Gamma emission from ground state unstable Cu:
IF and Ni isotope other than 58, 62, or 64 is involved in the process, the copper produced will be an unstable isotope with a decay time on the low order of seconds. It would under normal circumstanced emit a positron (and a neutrino) by β+ decay. This positron would effectively immediately combine with an electron and emit a 1.4(?)MeV gamma. This would also be very difficult to shield. For a while, I thought this was the game stopper. HOWEVER, it seems the prefered mechanism for thise isotope to decay is by electron capture, relying on positron emission only becasue the statistics work out htat way. In THIS postulated case, there are electrons available with regularity so perhaps the electron capture path dominates... "while the reactor is on".
This is the "iffy"est of the plausibles based on my limited research so far. Plausible, far from proven.
No miracles, no new physics, just same old physics beyond the researched edge.

[cg66]

FUTURE TALKING POINTS:

Putting aside how the coulomb barrier is being overcome, can we assume the formation of isotopes in a solid lattice would be the same as isotopes created using a cyclotron or a neutron howitzer? Is it possible that only certain nuclear structures are preferred? Would this explain why Ni and Pd seem to be required for this reaction (I’ve heard claims that other elements should work but haven’t seen any literature)? Looking specifically at some sort of neutron capture, if you look at all the stable isotopes for Pd and Ni – the addition of a neutron to the nucleus results in an isotope that decays by B-. The only exception is Ni-59 which has a half-life of 76000 years. Does this explain the lack of gammas due to positron annihilation (if Ni-58 even participates)? Does nuclear composition play a role? Some of the Pd papers I’ve read seem to use on Pd-108 or Pd-110. Rossi (ugg I hate quoting this guy) says only Ni-62 and Ni-64 react. Is the ratio of protons to neutrons important? Does neutron capture in the lattice favor neutron heavy isotopes? Does nuclear spin play a role? I’m curious to hear people’s thoughts. (I am physicist by training but not a nuclear physicist so I may be showing my ignorance here –so go easy on me!).
http://en.wikipedia.org/wiki/Isotopes_of_palladium
http://en.wikipedia.org/wiki/Isotopes_of_nickel

[seedload]

When asked to explain yourself, you just go off on a rant about how you have such and so learning and others don't (though how you know that is also a mystery).

Have you such data?

No, but I don't claim to know the answer either. I am SEEKING data to make a decision, You seem to have decided without data. If you HAVE the data, please provide it.

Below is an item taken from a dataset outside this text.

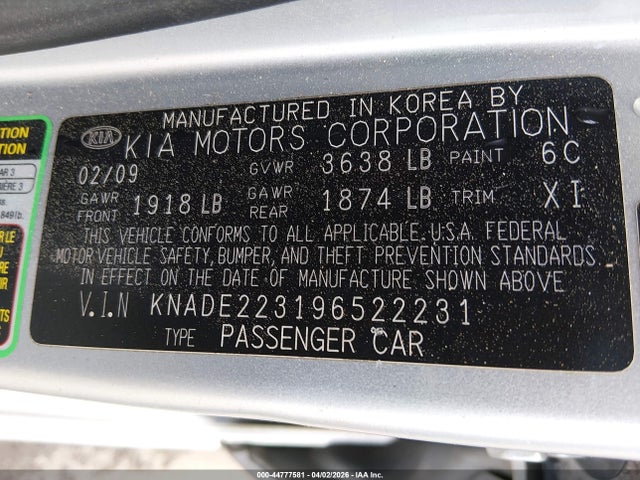 44777581 :رقم المزاد ، KNADE223196522231 vin ، 2009 Kia Rio Lx مزاد بيع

One wonders why it is so surprising to you that you can't find any data on outlandish speculations?

[KitemanSA]

[/quote]

FUTURE TALKING POINTS:

Putting aside how the coulomb barrier is being overcome, can we assume the formation of isotopes in a solid lattice would be the same as isotopes created using a cyclotron or a neutron howitzer?

I see no reason to expect different, except that I see no reason to believe it has anything to do with "neutrons" per-se.

Is it possible that only certain nuclear structures are preferred?

This is a very good question. Seems likely that a particular form of lattice may be important. So maybe the ELEMENT is important.

Would this explain why Ni and Pd seem to be required for this reaction (I’ve heard claims that other elements should work but haven’t seen any literature)?

I suspect you are confusing things. I've seen documents that posit at LEAST three DIFFERENT kinds of reactions. Two (P+P Fusion and D+D fusion) seem to happen in Pd lattices. The third (p+Ni) of course would work only in a Nickel lattice. My discussion has been limited to observations regarding posited p+Ni reaction. This is arguably NOT fusion but transmutation, but this MAY be purely symantics.

Looking specifically at some sort of neutron capture, if you look at all the stable isotopes for Pd and Ni – the addition of a neutron to the nucleus results in an isotope that decays by B-. The only exception is Ni-59 which has a half-life of 76000 years. Does this explain the lack of gammas due to positron annihilation (if Ni-58 even participates)?

I don't posit that neutron capture has any bearing. And as stated above, my comments are not related to Pd catalized fusion. With HNi (p+Ni) reactions, all the other isotopes of HNi reactions (except Ni58) all result in either a stable copper or an unstable copper that decays in LOoM second time frames. The electron quasi-particle permitted IC and EC mechanisms might explain the lack of OBSERVABLE gamma in both cases.

[MSimon]

No gammas might also explain the lack of gammas.

[KitemanSA]

FUTURE TALKING POINTS:

Does nuclear composition play a role? Some of the Pd papers I’ve read seem to use on Pd-108 or Pd-110. Rossi (ugg I hate quoting this guy) says only Ni-62 and Ni-64 react.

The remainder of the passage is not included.